#### [Work request]
Your response should contain exactly the lines running from the one with "Truck Print Kids" to the end of the data below, both included, and no pictures.

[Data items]
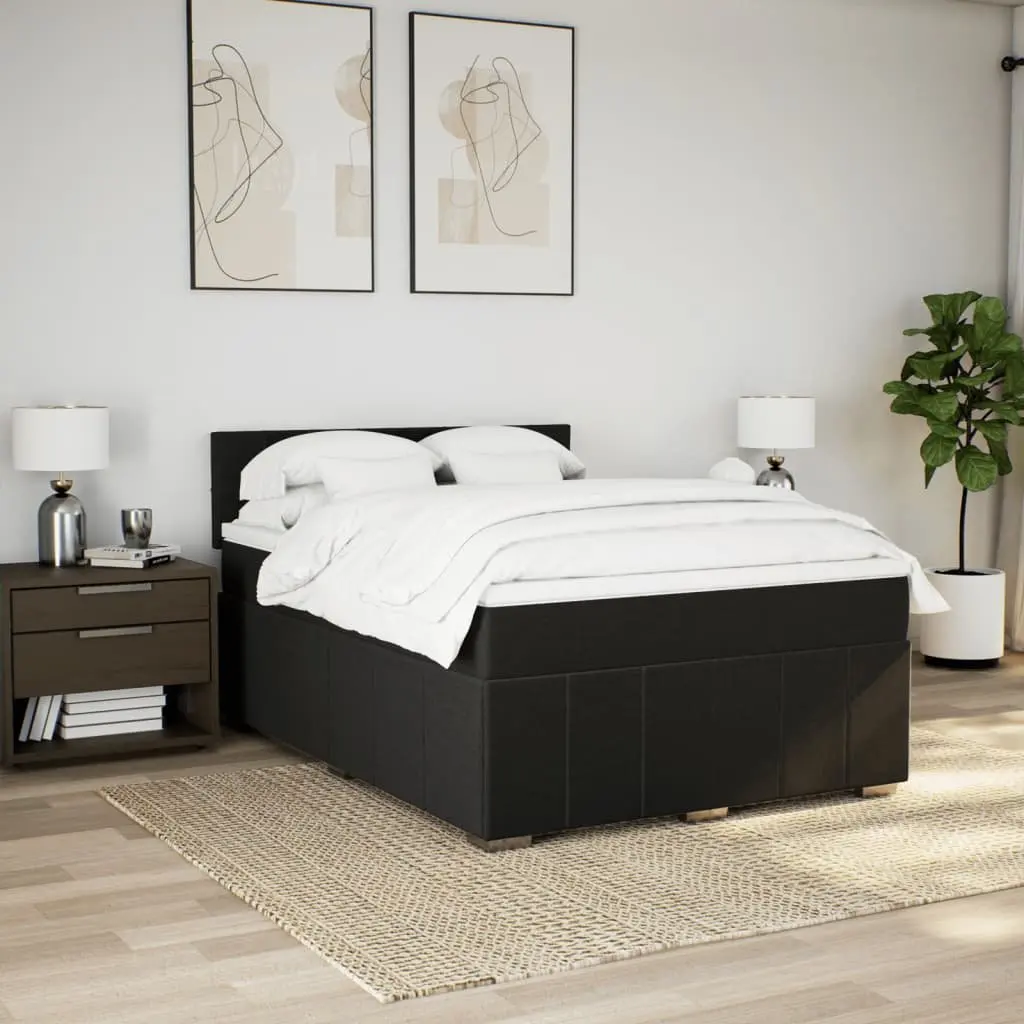 Box Spring Bed with Pocket Mattress and Adjustable LED Lights Black Fabric
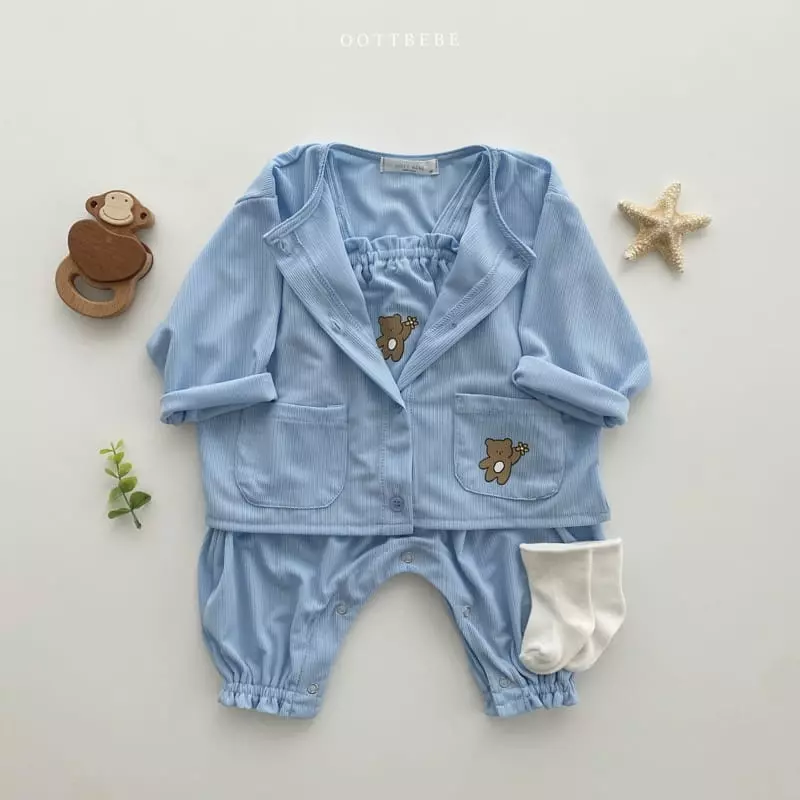 Oott Bebe - Korean Children Fashion - #childrensboutique - Pinwheel Pleats Bodysuit - 12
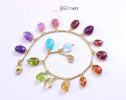 - Rainbow Precious Gemstone Bracelet, Multi Stone Chain Bracelet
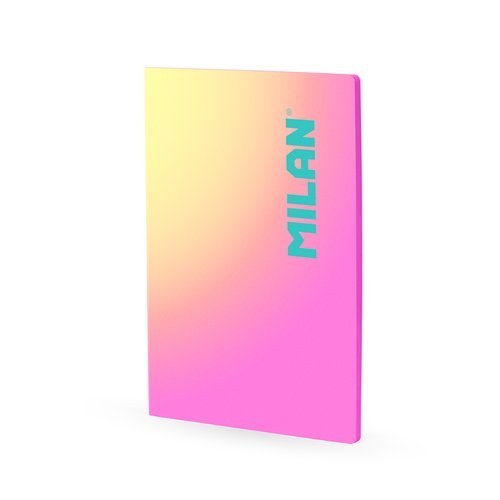 [57243L48SNP] MILAN LIBRETA ENCOLADA A4 48H PAPEL 95GR CUADRICULA 5X5 COLECCIÓN SUNSET ROSA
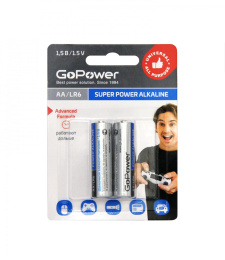 Батарейка GoPower LR6 AA BL2 Alkaline 1.5V 2/24/480 00-00019861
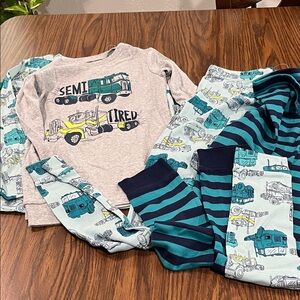 Truck Print Kids 4 piece Pajama Set - Gray and Blue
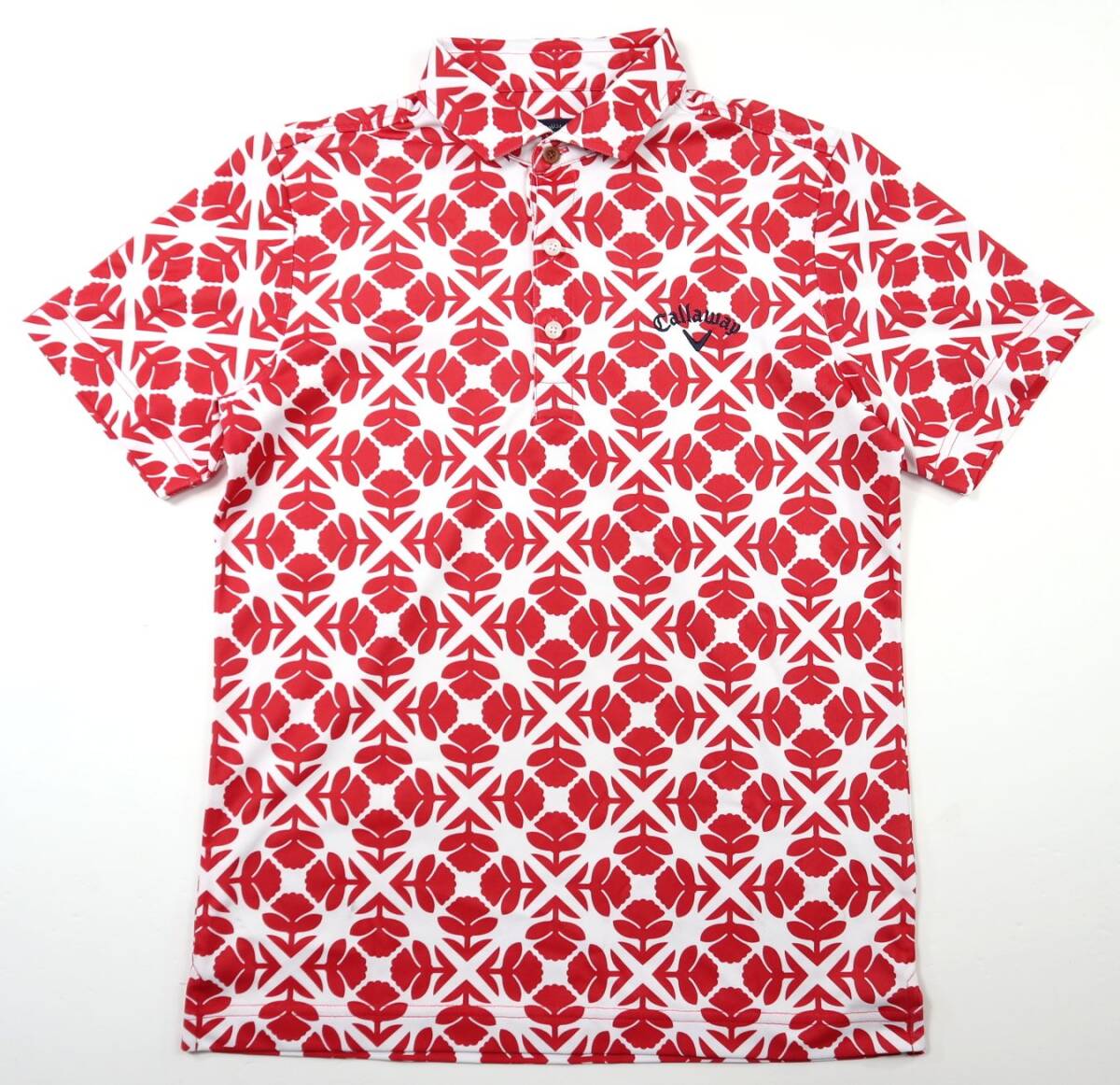 美品★Callaway キャロウェイ レフア柄プリント半袖ポロシャツ/花柄/Mサイズ拍卖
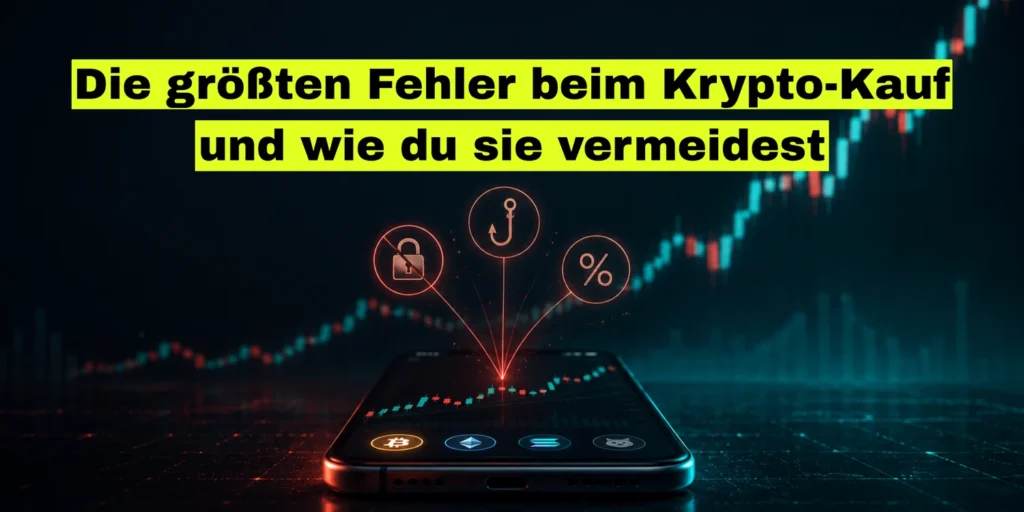 Smartphone mit Krypto-Handelsansicht und Warnsymbolen für Sicherheit, Phishing und Gebühren. Bildtitel: Die größten Fehler beim Krypto-Kauf.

#### [Result]
 Truck Print Kids 4 piece Pajama Set - Gray and Blue
 美品★Callaway キャロウェイ レフア柄プリント半袖ポロシャツ/花柄/Mサイズ拍卖
 Smartphone mit Krypto-Handelsansicht und Warnsymbolen für Sicherheit, Phishing und Gebühren. Bildtitel: Die größten Fehler beim Krypto-Kauf.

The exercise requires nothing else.